Jones says (p. 461) :

"The most surprising correlation in Table 4 is for ENG. The value is relatively low because the gridbox series (50-55N, 0-5W) incorporates up to 10 station records and some SST data while ENG is based on only 3 inland stations."

It is surprising that the reconstruction of gridcell temperature from Tornetrask tree rings (this includes the "adjustment" discussed before) is supposedly more accurate than the Central England temperature version is to the HadCRU2 gridcell. This seems unlikely and suggests that some portion of this high correlation may be spurious. A t-statistic seems to me to be a more sensible approach, but there are no surprises in the t-statistics here. Relative to the usual 2.96 benchmark, 5 of 7 SH series are insignificant and 3 of 10 NH series.

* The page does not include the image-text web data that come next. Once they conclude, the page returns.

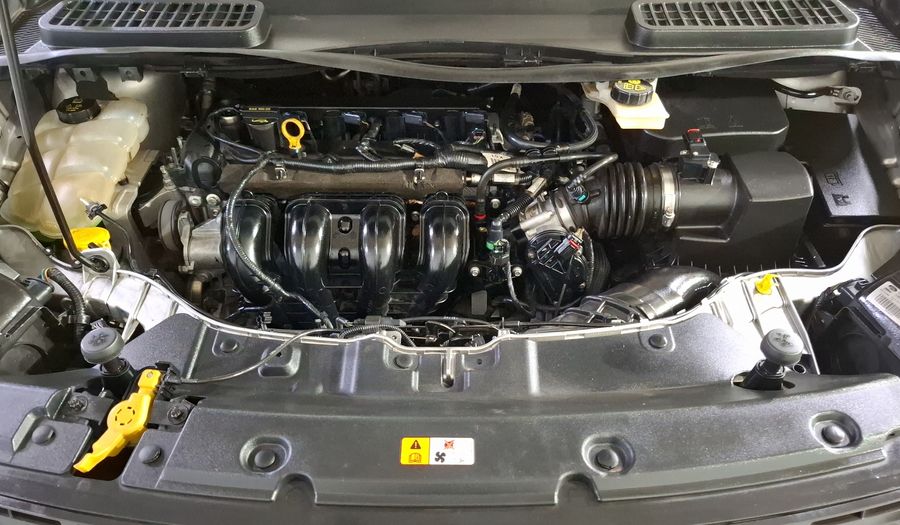 Ford Escape 2.5 S I4 AT Suv 2015
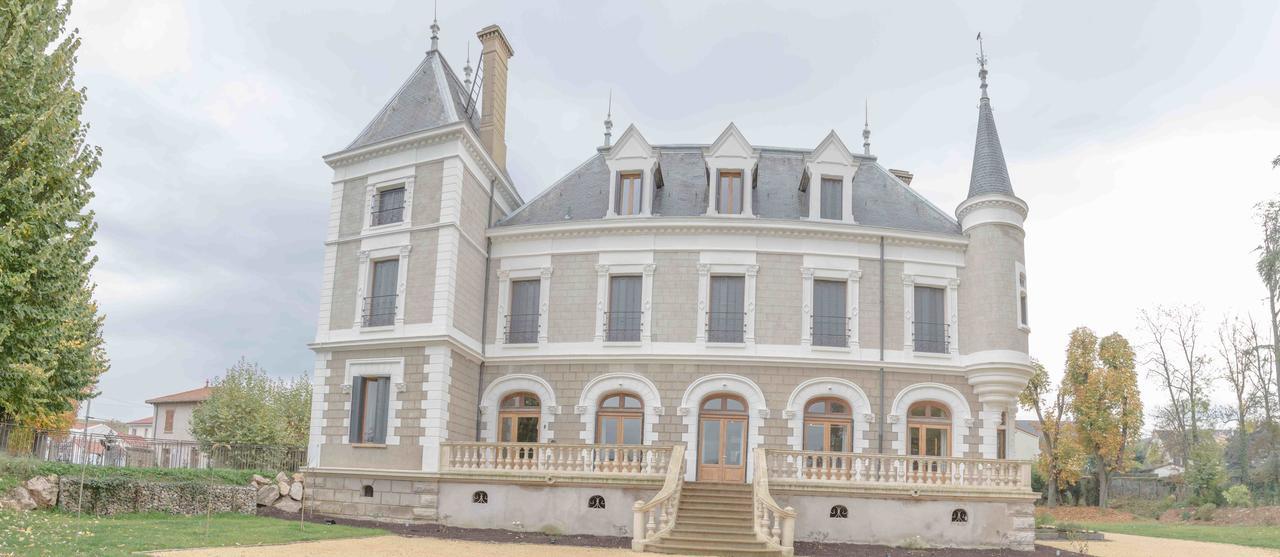 Eclosion Chateau Hotel & Restaurant Saint-Paul-en-Jarez Bagian luar foto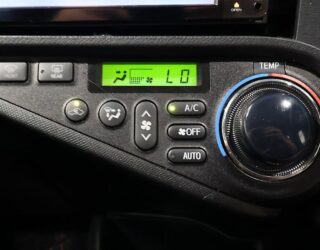 2012 Toyota Aqua G Model/ Push Start/ Reverse Camera/ Steering Wheel Controls image 318029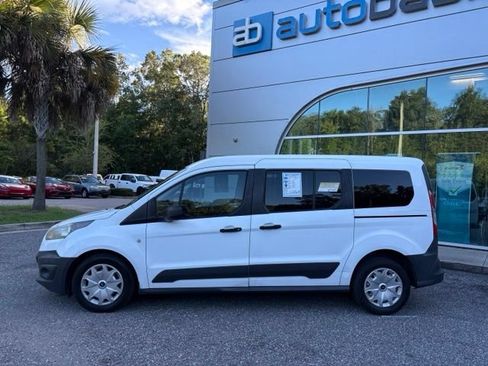 Used 2017 Ford Transit Connect XL FWD image 2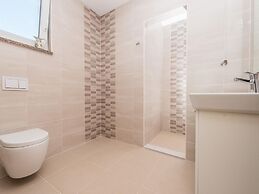 Modern and Spacious Home With Swimming Pool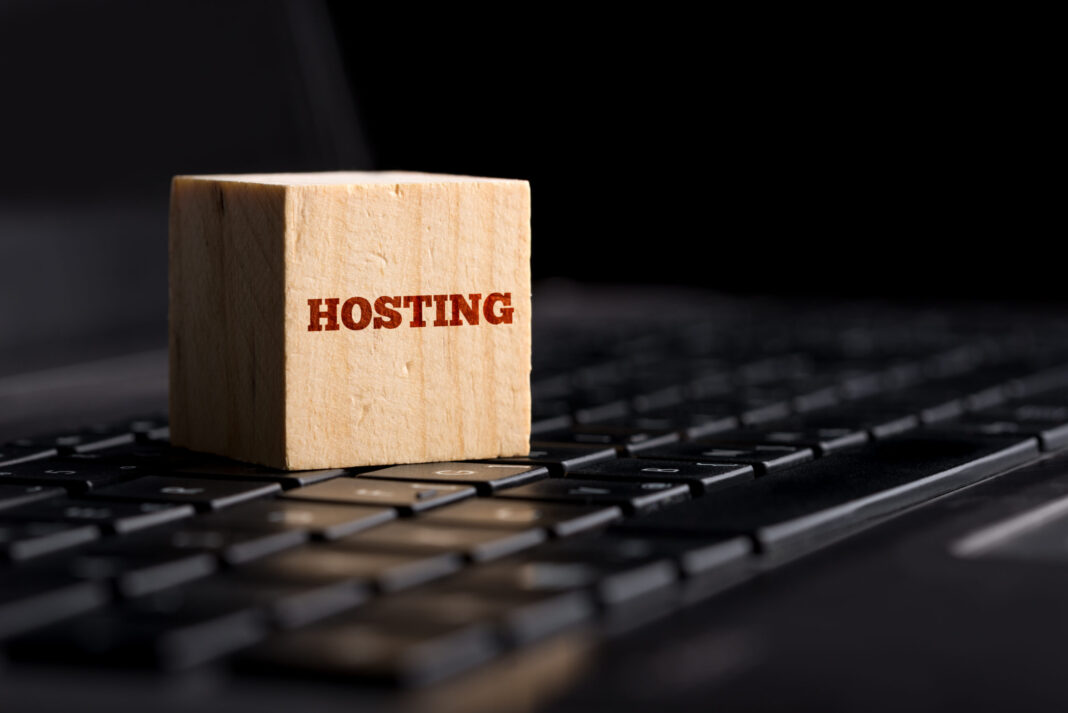Choosing the right web hosting provider for your small business Choosing the right web hosting provider for your small business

	Calculated	Jones 98	Original Report (Jones 98)	tOLS
Fenno	0.73	0.79	0.74	10.59
Urals	0.61	0.83	0.82	6.01
Jasper	0.56	0.48	0.42	6.58
Svalbard	0.30	0.08	NA	2.76
C England	0.62	0.84	NA	7.80
C Europe	0.94	0.90	NA	27.19
Kameda.melt	0.10	0.17	NA	0.98
Jacoby.treeline	0.07	0.34	0.73	0.52
Briffa.WUSA	0.38	0.60	NA	4.12
Crete, Greenland.O18	0.41	0.30	NA	4.13
Tasmania.92	0.35	0.42	0.57	3.64
Lenca	0.14	0.36	0.61	1.31
Alerce	0.05	0.35	0.61	0.43
Law.Dome	0.08	0.26	NA	0.38
Great Barrier Reef (5)	0.19	0.18	0.31	1.86
Galapagos	0.13	0.39	0.66	1.31
New.Caledonia	0.41	0.41	NA	4.38

Jones et al [1998] Table 4 shows "decadal" correlations which are supposedly measuring "low frequency" effects. I’ve spent quite a bit of time recently pondering statistical issues of handling "low frequency" and they are by no means easy, if you’re trying to do it in an advanced way. In this table, col 1 – my calculation of the correlation: I made decadal averages for both proxies and temperature (not by smoothing); col 2- reported inJones et al [1998]; col 3- OLS t-statistic.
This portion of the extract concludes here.